*** Source data Section Begins ***
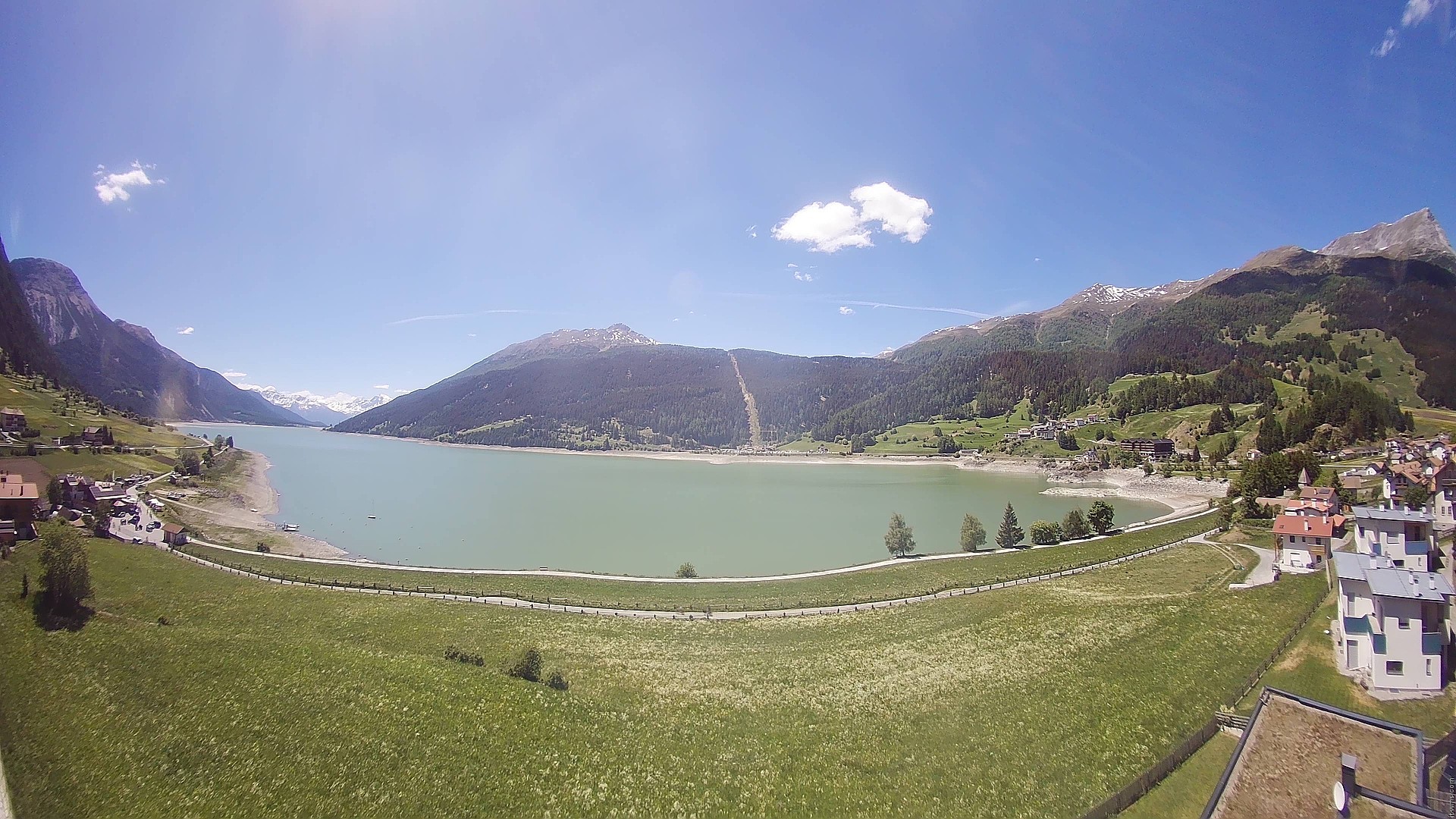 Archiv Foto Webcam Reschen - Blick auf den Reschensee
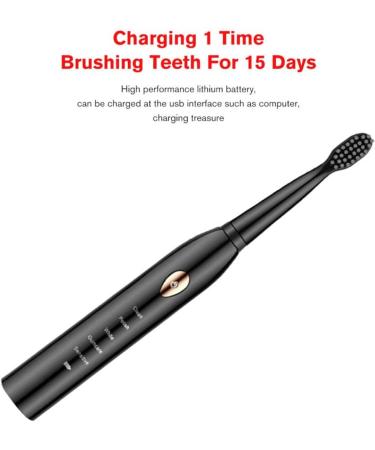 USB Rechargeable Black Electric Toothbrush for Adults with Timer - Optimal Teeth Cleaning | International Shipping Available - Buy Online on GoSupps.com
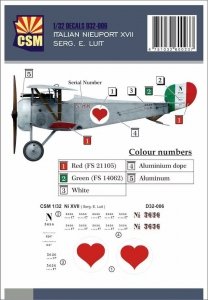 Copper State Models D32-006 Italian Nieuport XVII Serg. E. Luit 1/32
*** Source data Section Ends ***
Your objective
Retype each line above precisely, please. Skip anything that is a picture.

Solution for this problem
 Archiv Foto Webcam Reschen - Blick auf den Reschensee
 USB Rechargeable Black Electric Toothbrush for Adults with Timer - Optimal Teeth Cleaning | International Shipping Available - Buy Online on GoSupps.com
 Copper State Models D32-006 Italian Nieuport XVII Serg. E. Luit 1/32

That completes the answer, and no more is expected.